AS Watson, which generated US$19.2 billion in revenue last year from some 11,000 outlets worldwide, is already the market leader in personal care in China - a fragmented landscape of mainly small mom-and-pop stores where the top 10 firms control less than 5 per cent. AS Watson leads with just a 1.6 per cent share of the market that was last year worth US$134 billion.
“China has been AS Watson’s growth engine, and given the huge growth opportunity and attractive returns, we would expect part of any IPO proceeds to support the expansion of the Watsons franchise there,” said Chan. Watsons is the brand under which the health and beauty retailing business operates.
Since 2008, it has tripled its China store count to 1,438, adding more than a store a day on average last year. Its China operating profit has grown four-fold to more than HK$3 billion in that period. The business has a near-20 per cent operating margin.
By comparison, Mannings has said it plans to grow its network of stores across China, which stood at 187 last year, while Alliance Boots has struck two deals to expand in China, with one of its partners owning 500 retail stores. State-backed China Resources owns 165 health and beauty Vivo stores in China.
China Resources declined to comment for this article.
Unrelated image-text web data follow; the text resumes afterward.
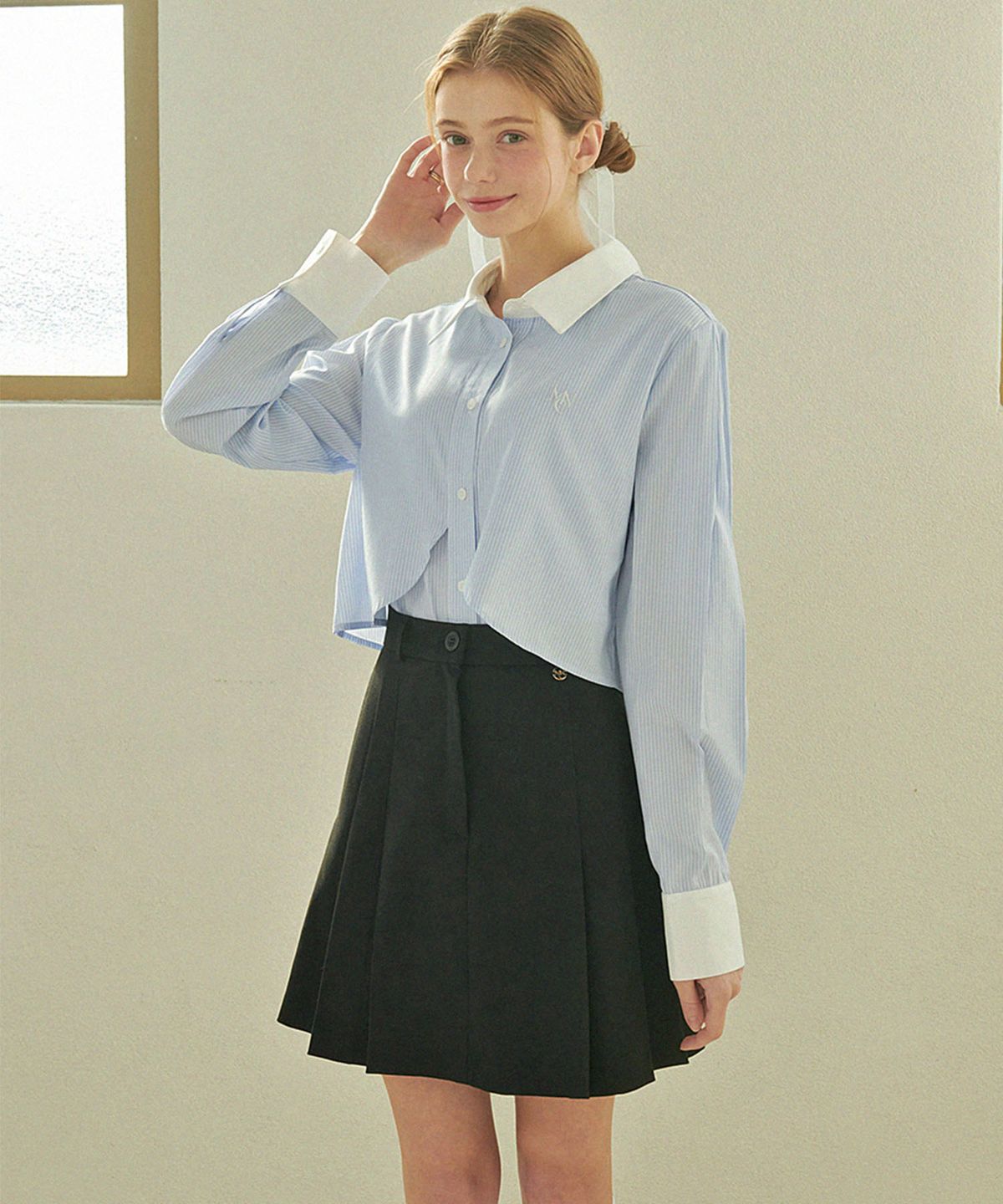 미케네(MICANE) 드랍렛 스트라이프 레이어드 셔츠 소라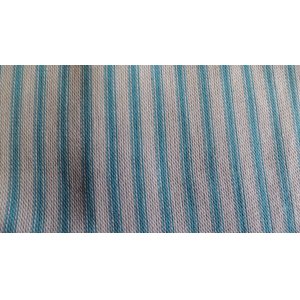 BLUE CANDYCANE FABRIC 140CM WIDE FABRIC WHITE WITH BABY BLUE STRIPES PRICE IS PER METRE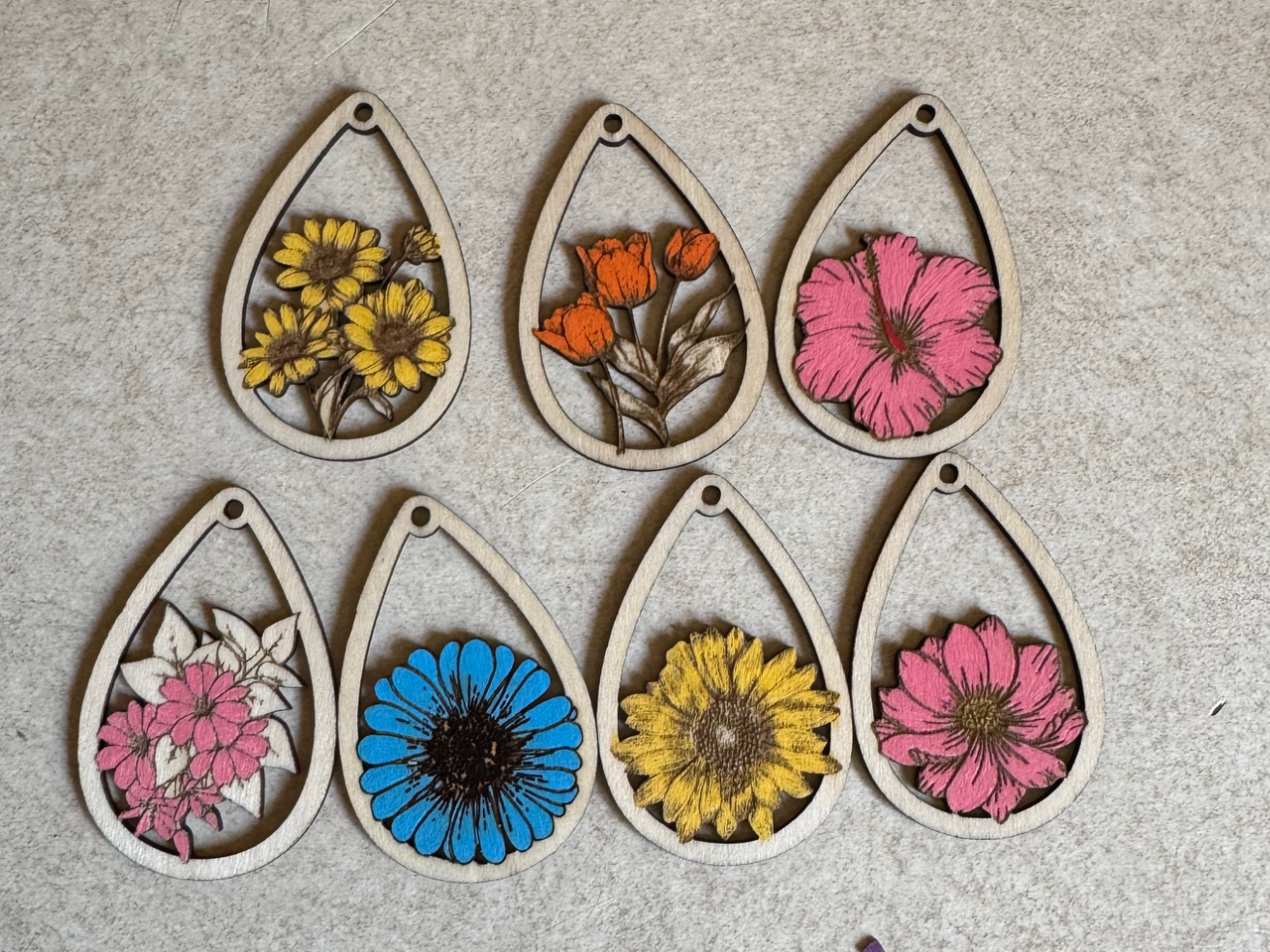 Teardrop Shaped Floral Wooden Earrings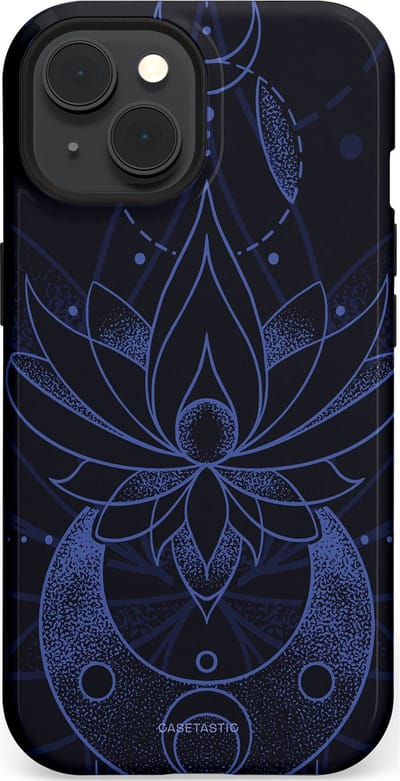 Casetastic Hoesje Geschikt voor Apple iPhone 15 Magsafe - Stijlvolle Beschermende Duo-layer Case - Lotus Nacht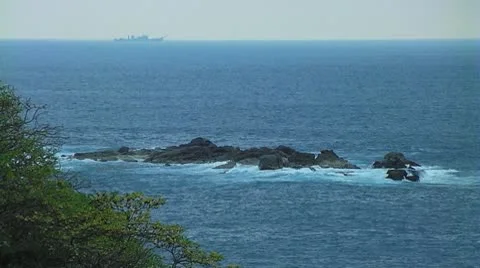 Battle ship at the horizon Stock Footage 8914988
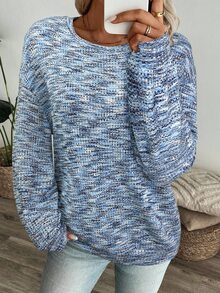 SHEIN CURVE+ Women's Colorful Waffle Knit Pullover Sweatshirt, Autumn,Fall - Multicolor - View 4
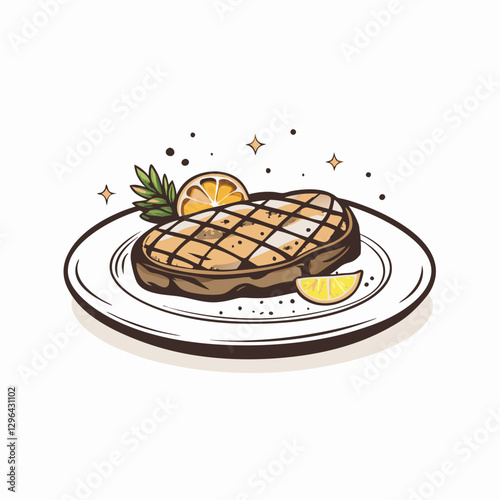 Grilled steak with lemon and garnish on plate, delicious dining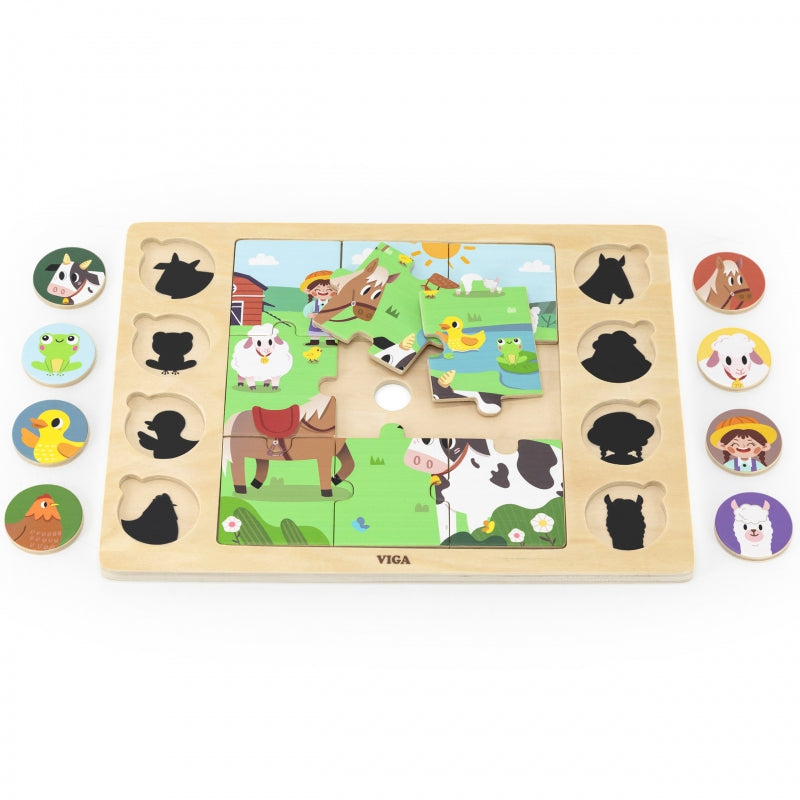 VIGA Houten Boerderijpuzzel - 17 stukjes
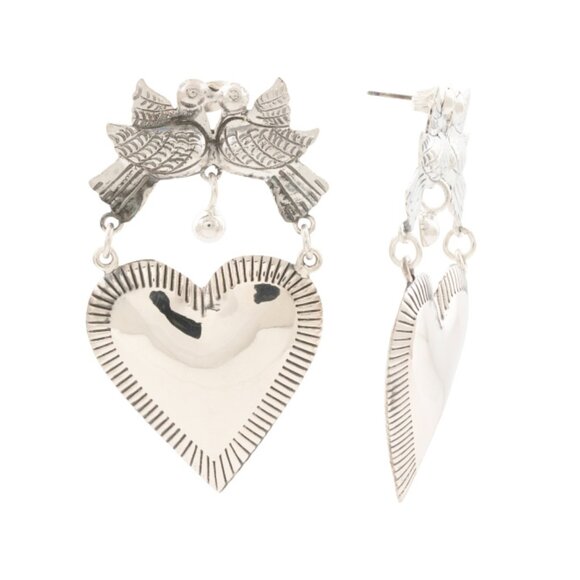 SEED & SAGE Silver Made In Mexico Sterling Silver Frida Heart Birds Earrings - Picture 1 of 2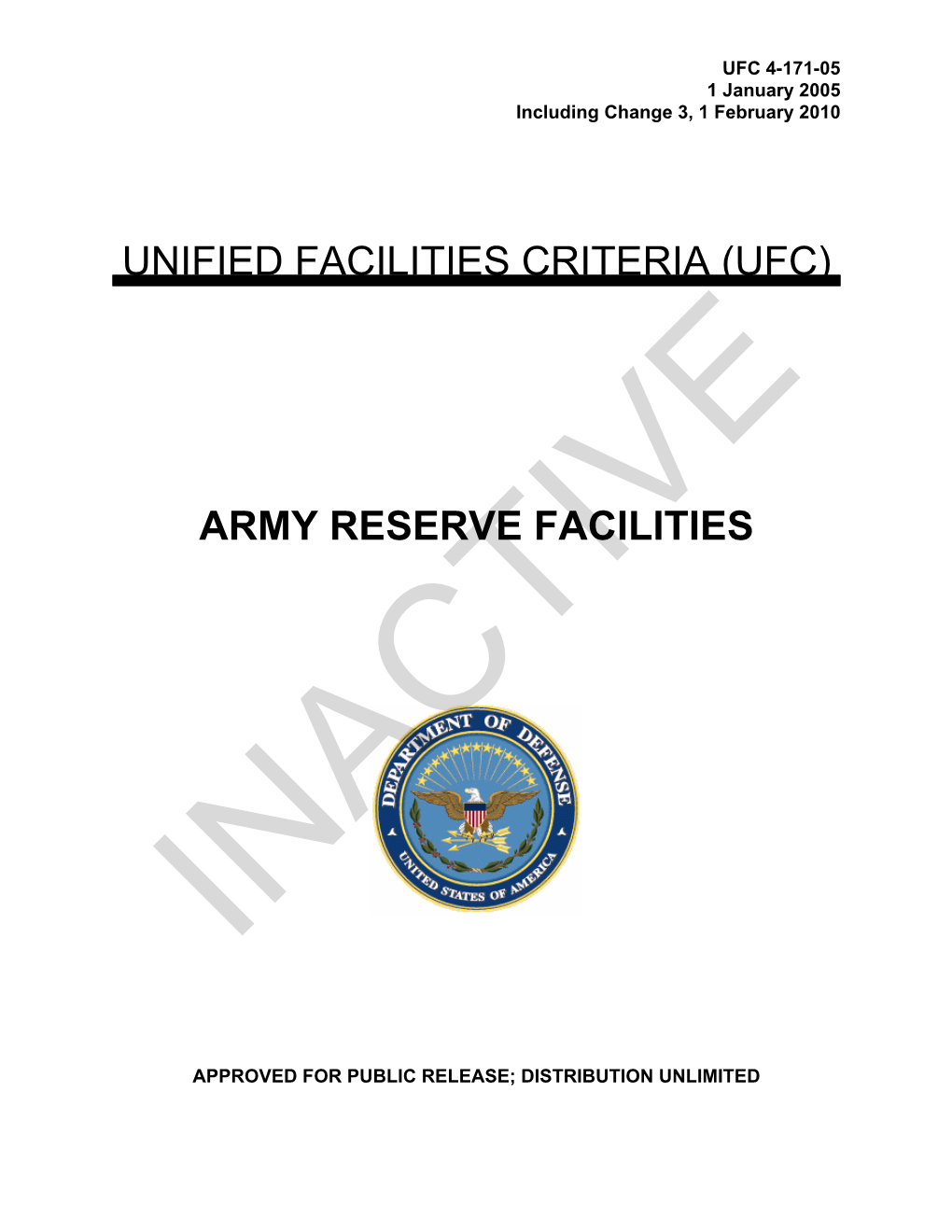 UFC 4-171-05 Army Reserve Facilities, with Change 3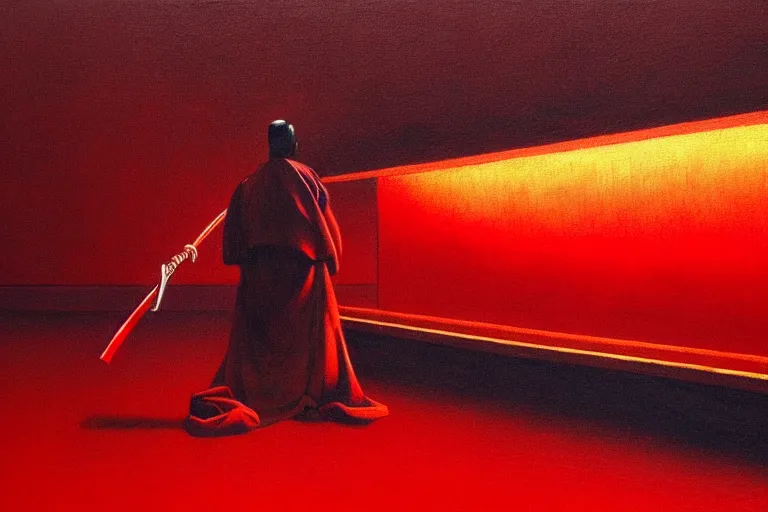 Image similar to only with red, a red samurai harakiri, tokio, a lot of frogs watch, in the style of beksinski, parts by edward hopper, parts by rodcenko, parts by yue minjun, intricate and epic composition, red by caravaggio, insanely quality, highly detailed, masterpiece, red light, artstation, 4 k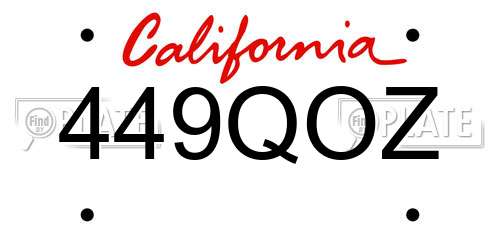 449QOZ California License Plate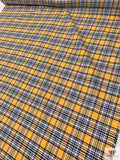 Plaid Woven Cotton Suiting - Marigold / Black / White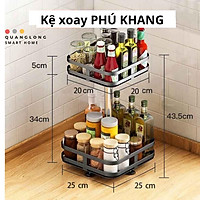 Kệ gia vị xoay 360 độ 2 Tầng/3 Tầng kệ để đồ nhà bếp thông minh dáng vuông tròn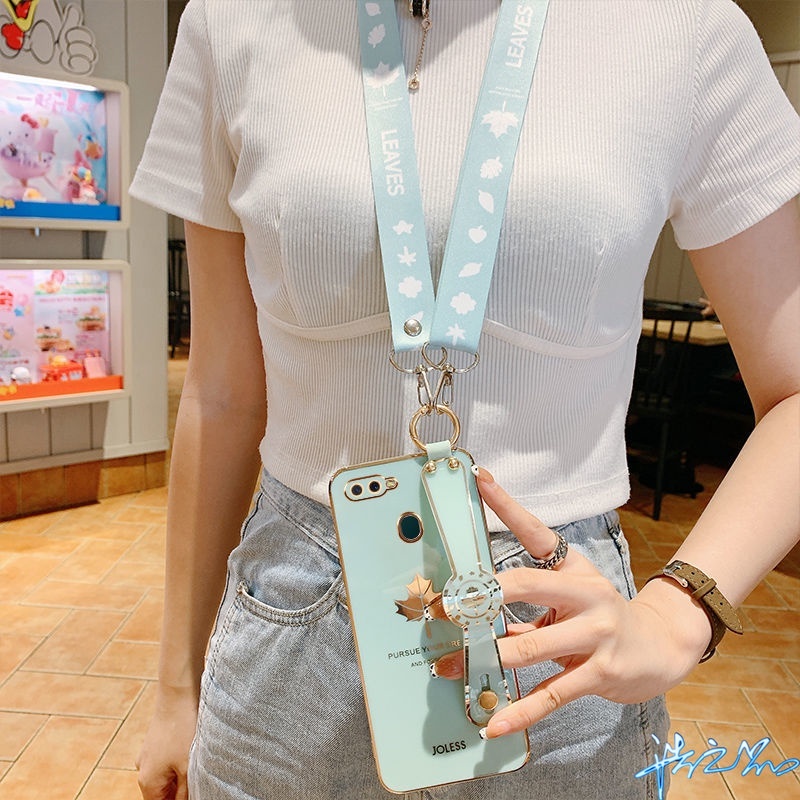 Ốp Điện Thoại Họa Tiết Lá Phong Có Dây Đeo Cho Oppo A5S A12 A3S A31 A53 A9 A5 2020 A15 A15S A92 A52 A12E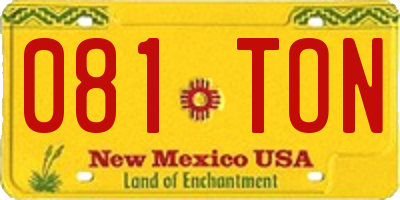NM license plate 081TON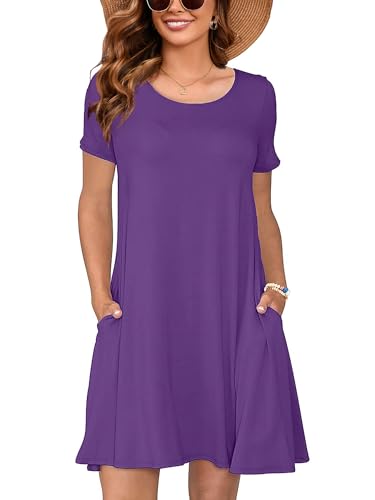 Image of Heymoments Women's Short Sleeve Crewneck Sundress Summer Casual A-Line Beach Dress with Pockets S-2XL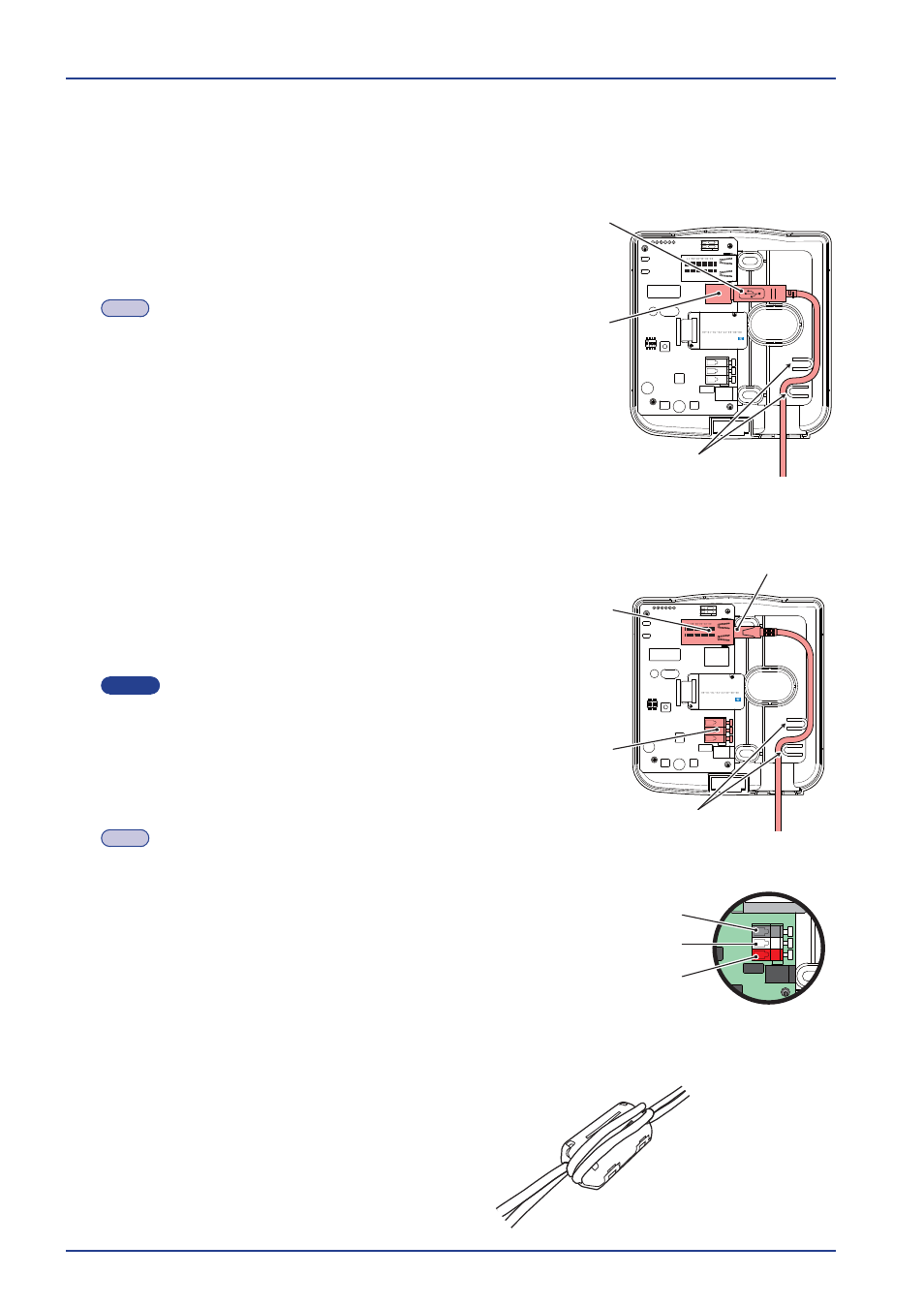 Connect the wiring to the receiver, Usb cable not included, Lan cable not included | Use the guide (two places) for placing the cable | PATLITE WDR-LE User Manual | Page 22 / 102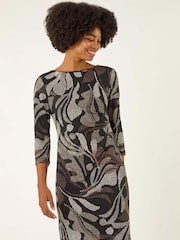 Roman Brown Abstract Print Ruched Midi Stretch Dress - Image 2 of 5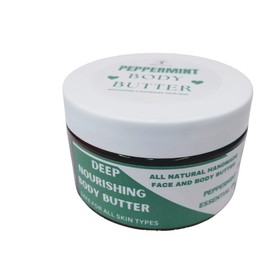 Sixbright Whipped Body Butter Cream-Deep Nourishing, Vegan, Hydrating-For All Skin Types-Women Organic Ingredients-Zero Artificial Fragrance-For Stretch Marks Dry Skin (8oz., PEPPERMINT)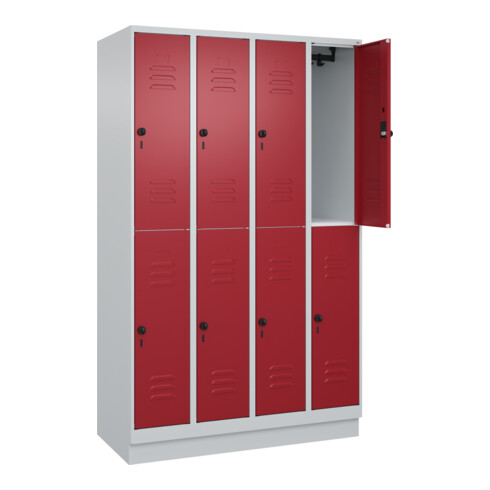 C+P Doppelstock-Spind Classic PLUS, Sockel, 4 Abteile, 1950x1200x500mm, 7035/300 Front RAL 3003 Rubinrot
Dairy Farm and Alliance Boots did not reply to emails seeking comment.
Li, dubbed “Superman” in Hong Kong’s business centre because of his financial record - he built a sprawling ports-to-telecoms empire from a plastic flower business in the 1960s - is targeting fast growing lower-tier cities for his expansion plans across China, said people familiar with the matter. A spokesman for Hutchison Whampoa declined to comment, noting only last week’s statement mentioning the AS Watson strategic review.
China accounts for 24 per cent of AS Watson’s operating profit, but only 13 per cent of its retail store count - two thirds of the group’s stores are in Europe. Its China health and beauty retailing business recorded 17 per cent revenue growth last year, the fastest among the group’s geographies.
Western Europe’s health and beauty retail market shrank 8 per cent last year and is forecast to grow just 4 per cent by 2015, to around US$306 billion, Euromonitor forecasts.
“Certainly, growing organically in China makes a lot of sense given the returns,” said CLSA analyst Jonathan Galligan. “They could also build more scale in Southeast Asia and you could see them making acquisitions in retail space in Europe, something they haven’t done in size since 2006.”
If the strategic review does result in an offering of AS Watson stock, any deal of more than US$6 billion would make it Asia Pacific’s biggest IPO in three years, according to Thomson Reuters data.
The AS Watson review is the latest move by Li - ranked by Forbes as the eighth richest person in the world, with a near US$31 billion fortune - that some commentators have suggested shows he is cutting his exposure to Hong Kong and freeing up cash to invest elsewhere. Last month, Li announced plans to list his Hong Kong power assets in a deal that could raise about US$5 billion.